Broadly speaking there are two methods used to automatically flag spam messages: heuristics and neural networks. Each company has their own ways of using these methods, which they keep secret in an effort to thwart spammers.

Heuristics

Heuristics is just a fancy way of identifying common characteristics of a thing and using those characteristics to categorize them. In this case, a lot of spam messages share qualities like:

  • Country of origin
  • Mismatched sender/reply to addresses
  • Subject matter
  • And more

Email systems keep track of these characteristics, or subscribe to a clearinghouse that provides lists of the characteristics to look out for, and flag messages with certain combinations as spam.

Neural Networks

Google attributes its success in identifying and filtering spam to neural networks. Neural networks are, simply, a way in which one can train a computer, or a network of multiple computers, to make highly accurate decisions about what a thing might be.

This means that Google has a bunch of computers that have been trained, by looking at countless examples, to identify spam messages. But wait, you say, that sounds an awful lot like heuristics! Sort of, but not quite.

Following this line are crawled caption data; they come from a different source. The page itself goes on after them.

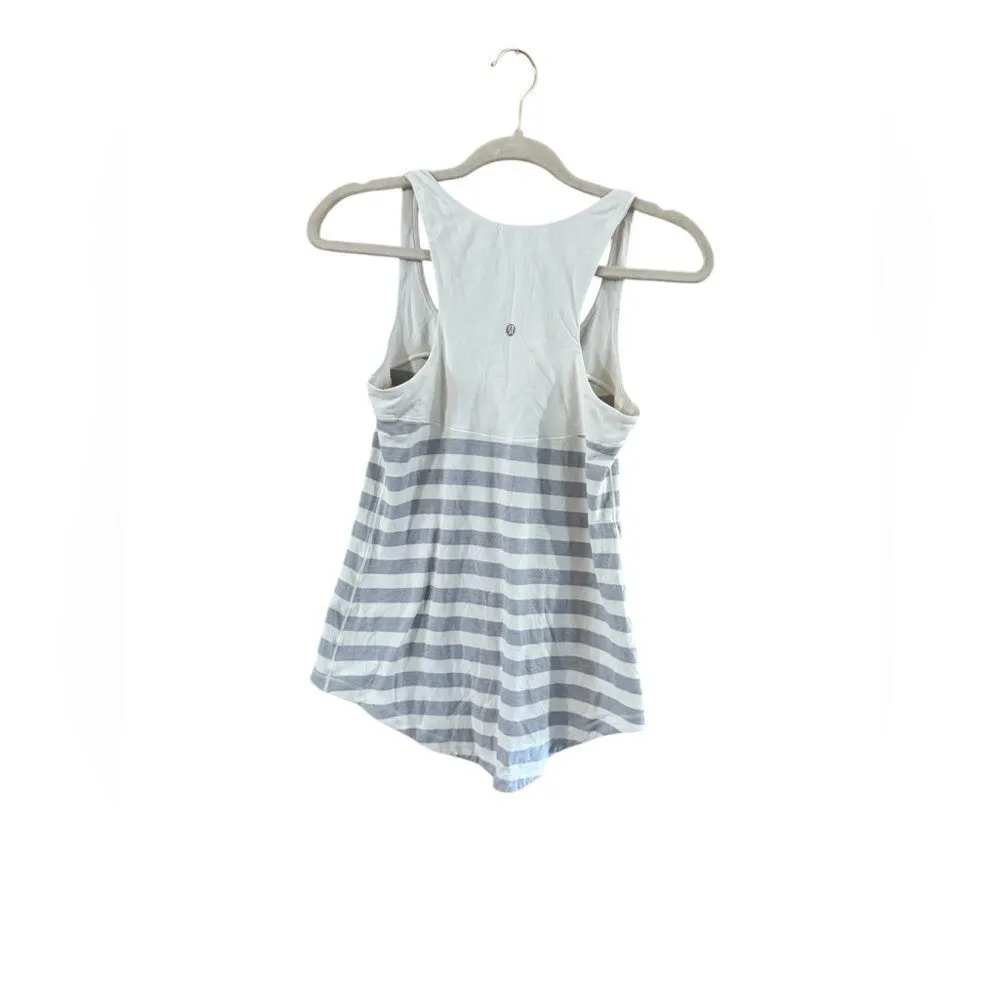Lululemon Run First Base Small Green White Striped Tank - Image 8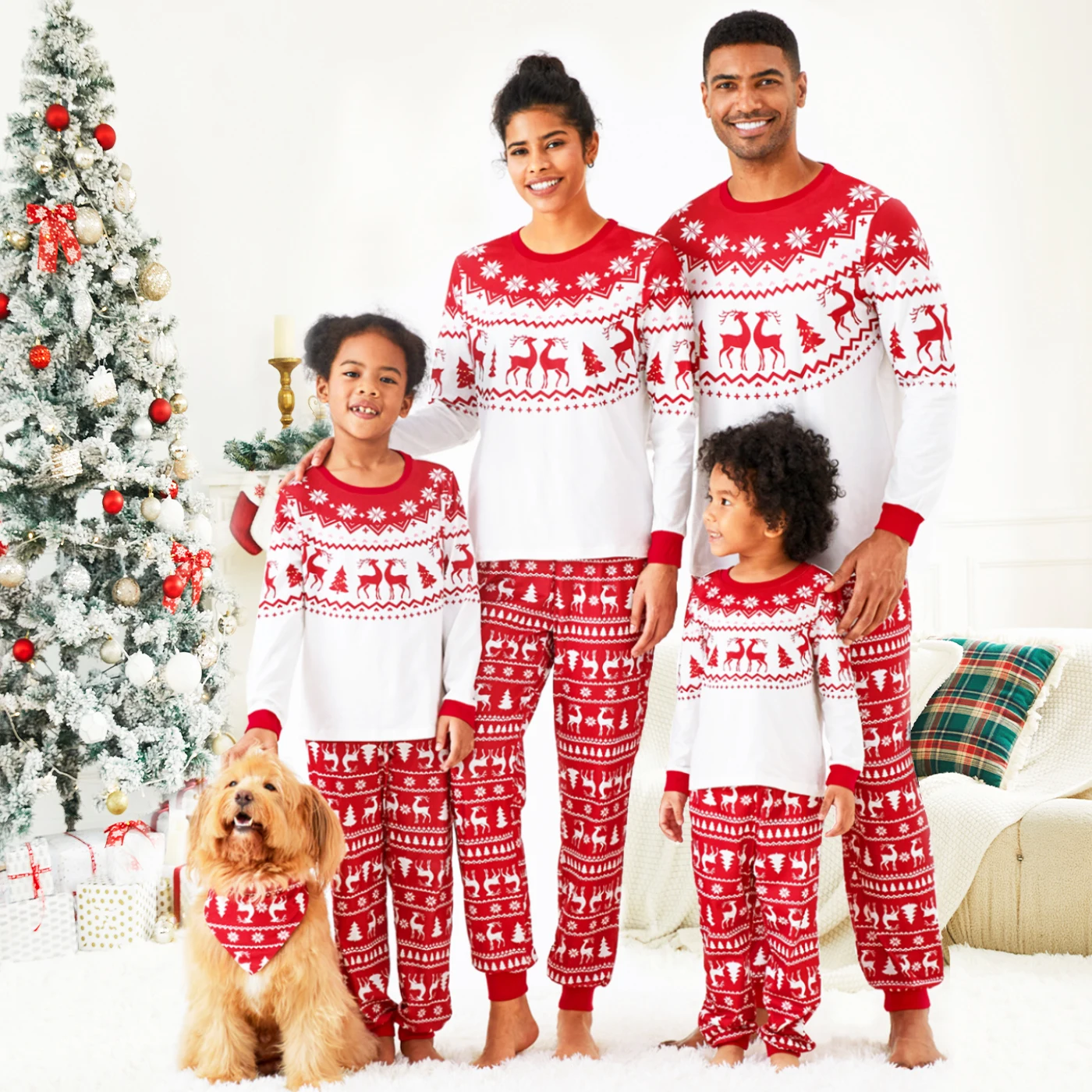 PatPat Christmas Reindeer and Snowflake Print Family Matching Pajamas Sets (Flame Resistant)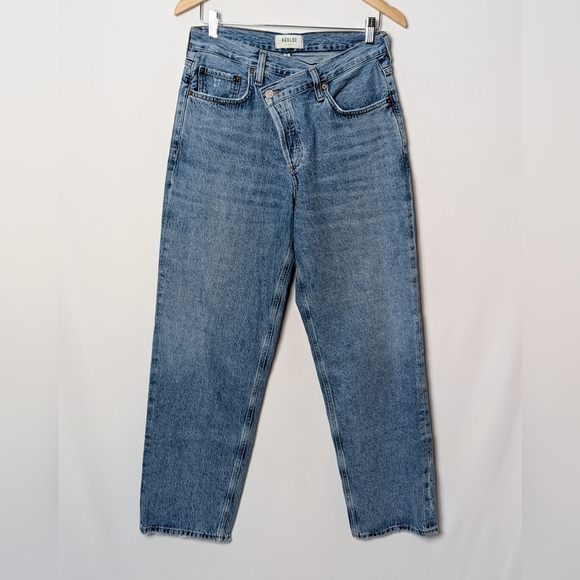 AGOLDE Criss Cross Upsized Jeans Straight Leg Eternal Blue Aritzia 28 - Picture 6 of 13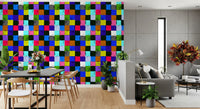 Papier peint à carrés patchwork peints aux couleurs éclatantes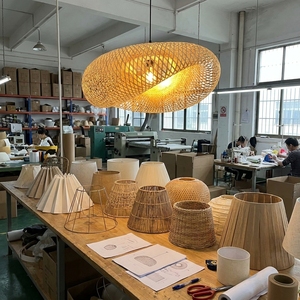 Wholesale Handcrafted Bamboo Lampshade Natural Woven Pendant <b>Light</b> Shade for Interior Projects Home and Cafe Lighting - Product Image 4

Think about when you send someone to the market with a shopping list. Heuristics is the kind of shopper who will stick exactly to the list. If the store doesn't have the exact yogurt you want, you aren't getting yogurt. If a spam message doesn't match something on the characteristics list, it isn't marked as spam. Neural Networks, however, are the sort of shopper who will see what you asked for but is willing to get something that meets the need even if it isn't an exact match. Neural Networks can flag things that perhaps aren't obviously spam according to some checklist but meet the general spam profile that it has learned.

Client Side Spam Filtering

Both of the methods described above are applied to your email messages by your email provider before the message ever gets delivered to you. They all happen on those remote email servers and as such are known as "server side" Spam filtering.

Client side filtering happens on your computer and in your email client (Outlook, for example). Most programs allow you to manually flag messages as spam, remove messages from your Junk folder, and create rules that will filter messages into Junk. These are all known as "client side" filters, and can be tweaked individually.